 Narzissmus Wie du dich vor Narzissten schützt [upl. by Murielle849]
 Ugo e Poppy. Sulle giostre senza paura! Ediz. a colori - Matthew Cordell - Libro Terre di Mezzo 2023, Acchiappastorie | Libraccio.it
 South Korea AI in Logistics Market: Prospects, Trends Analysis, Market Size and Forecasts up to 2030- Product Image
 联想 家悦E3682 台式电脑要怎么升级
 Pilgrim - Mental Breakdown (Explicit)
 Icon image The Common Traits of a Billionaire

---

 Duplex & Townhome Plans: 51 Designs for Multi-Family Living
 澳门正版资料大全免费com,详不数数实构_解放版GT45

> What to work on:
Retype, in the same exact form, the lines of the material above from the line holding "South Korea AI" through the line holding "Icon image The".

> The answer:
 South Korea AI in Logistics Market: Prospects, Trends Analysis, Market Size and Forecasts up to 2030- Product Image
 联想 家悦E3682 台式电脑要怎么升级
 Pilgrim - Mental Breakdown (Explicit)
 Icon image The Common Traits of a Billionaire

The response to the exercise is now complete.